Social contacts despite work - how does it work?
If you identify your fears, isolation and loneliness as a problem in good time, you can do something about it like Sarah Peters. Despite all of the criticisms, social networks and the Internet can offer a good opportunity to maintain contacts even over longer distances and when there is not enough time.
If you cannot do this on your own, you should seek professional help in good time and take action against loneliness. So that it does not end with the thoughts that Sarah Peters also describes in her book and which she luckily did not then implement:
Game over. Nothing in my head, except a thought from time to time: You hit it on the wall, Sarah. Screwed up. I didn't know back or forth. And for the first time in my life the thought occurred to me: You are ending it now. Now and here. What is that supposed to be? Otherwise, I had always been someone who found a solution, saw the good even in the bad.

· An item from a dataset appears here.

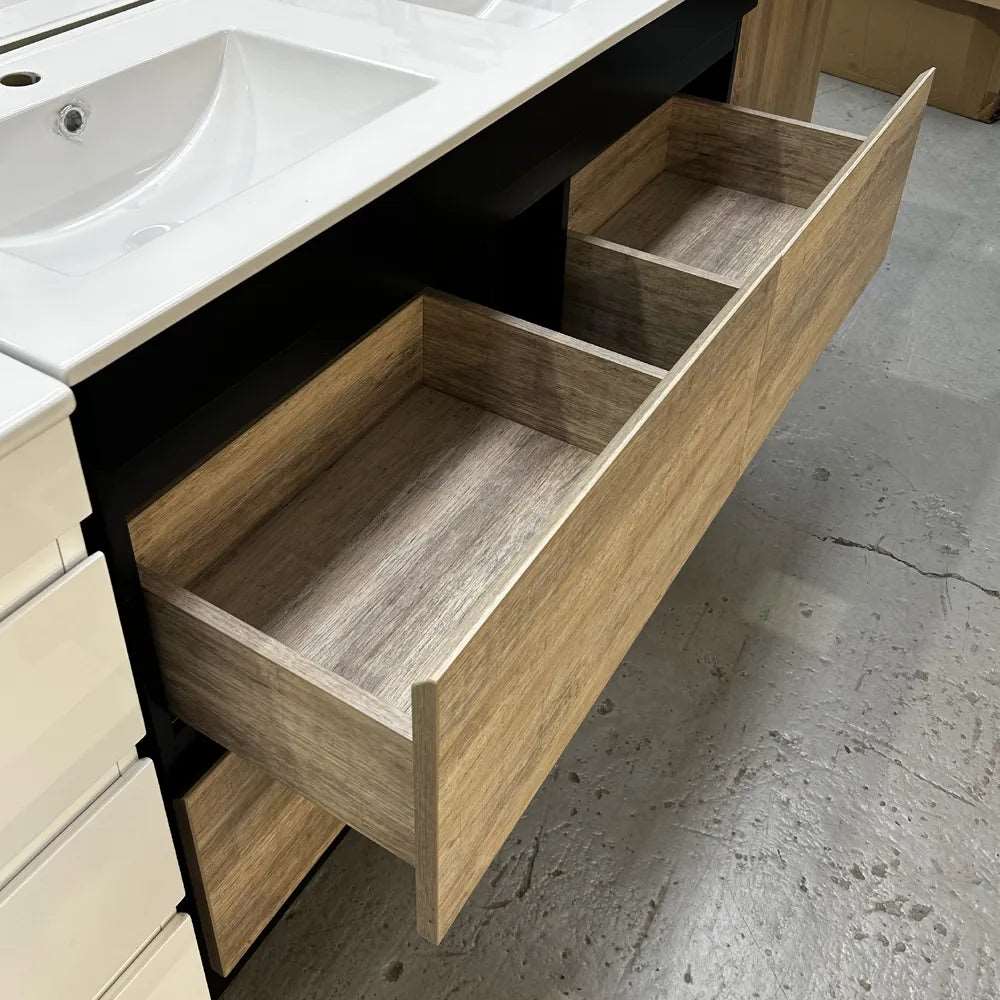 1200MM POLO BLACK & LIGHT OAK FREESTANDING VANITY DOUBLE BASIN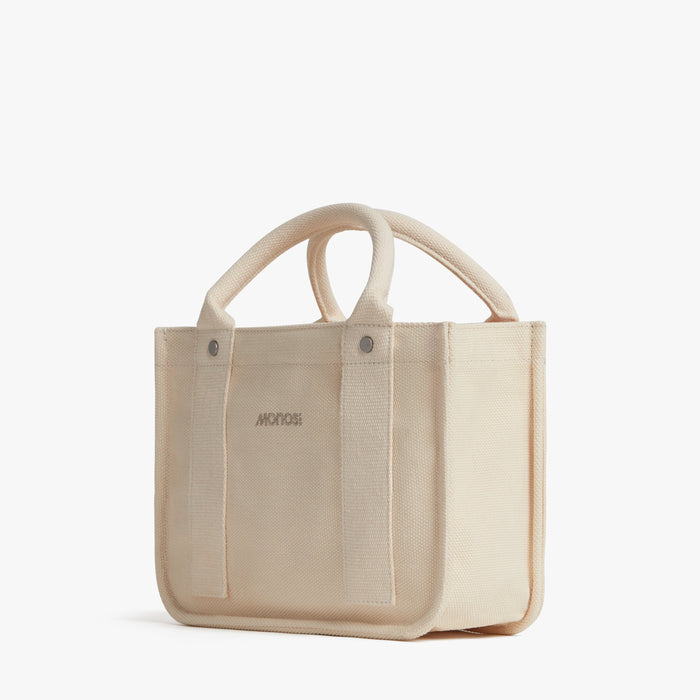 Ecru | Angled view of Gesso Small Tote in Ecru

Now I had reached a point in my life where I didn't want to find a solution. Any solution would have cost strength and energy. I didn't want to bring them up anymore. Tired of life, that was me. The easiest thing seemed to me to take my life. Simple. Yes, it should just be easy! I weighed rationally, without any emotion. How should I do it? The easiest and most painless way seemed to me to take pills. But which ones - and how many? If so, then right and with a plan, Sarah! Not that you end up in the slap if it doesn't work. I was too exhausted, too empty to think through this plan myself. Afterwards you have to think about everything in peace. Has time, don't run away. And so I lay there. Without thoughts, without feelings. One of the calmest moments I've ever had in my life.